Mango übertrifft alle Erwartungen

Entgegen des allgemeinen Branchentrends kommt der spanische Modefilialist Mango aktuell immer besser in Fahrt und sichert sich beständig neue Marktanteile. Während Mitbewerber wie H&M immer wieder schwächeln, jagt Mango von einem Umsatzrekord zum nächsten. So auch im vergangenen Jahr, in dem das Unternehmen mit Sitz in Barcelona sämtliche Erwartungen übertreffen konnte.

Rund 2,3 Milliarden Euro setzte Mango 2015 um, das sind satte 15,3 Prozent mehr als im Vorjahr. Ursprünglich hatte das Management lediglich ein Plus von 13 Prozent prognostiziert. Schlüssel für dieses Wachstum sei die schrittweise Konsolidierung des Umstrukturierungsprojekts im Vertrieb gewesen, in das die Gruppe in den letzten drei Jahren 1,2 Milliarden Euro investiert habe und ihre Verkaufsfläche mit der Eröffnung von 164 Megastores um mehr als 300.000 Quadratmeter erweitern habe können, so das Unternehmen.

Punkten konnte Mango dabei eigenen Angaben zufolge sowohl im Auslandsgeschäft, das mittlerweile 81 Prozent des Gesamtvolumens ausmacht, als auch auf dem spanischen Heimatmarkt, wo der Konzern dank seiner neuen Megastores um 20.1 Prozent zulegen konnte.

Mehr Megastores geplant

Um weiteres Wachstum zu erzielen, soll das so erfolgreiche Megastore-Konzept auch im laufenden Jahr weiter fortgesetzt werden. Nachdem 2015 bereits 164 solcher Läden weltweit ihren Betrieb aufgenommen haben, sind für 2016 weitere 45 Neueröffnungen geplant.

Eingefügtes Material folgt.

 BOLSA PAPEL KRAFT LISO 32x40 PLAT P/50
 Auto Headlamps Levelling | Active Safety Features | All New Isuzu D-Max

Immer relevanter wird auch das Onlinegeschäft der Spanier, das mittlerweile knapp elf Prozent des Gesamtumsatzes ausmacht. Dieser Kanal erwirtschaftete 2015 einen Umsatz in Höhe von 234 Millionen Euro und damit 27 Prozent mehr als im Vorjahr. In 83 Ländern ist die Marke mittlerweile online verfügbar, Tendenz weiter steigend. Im vergangenen Jahr standen Südamerika, Asien und Afrika im Mittelpunkt der Online-Expansion, um das Produktangebot in denjenigen Ländern zu ergänzen, in denen die Marke bereits mit Geschäften vertreten ist. Die letzten Märkte, in denen sich Mango niedergelassen hat, sind Ägypten und Südafrika.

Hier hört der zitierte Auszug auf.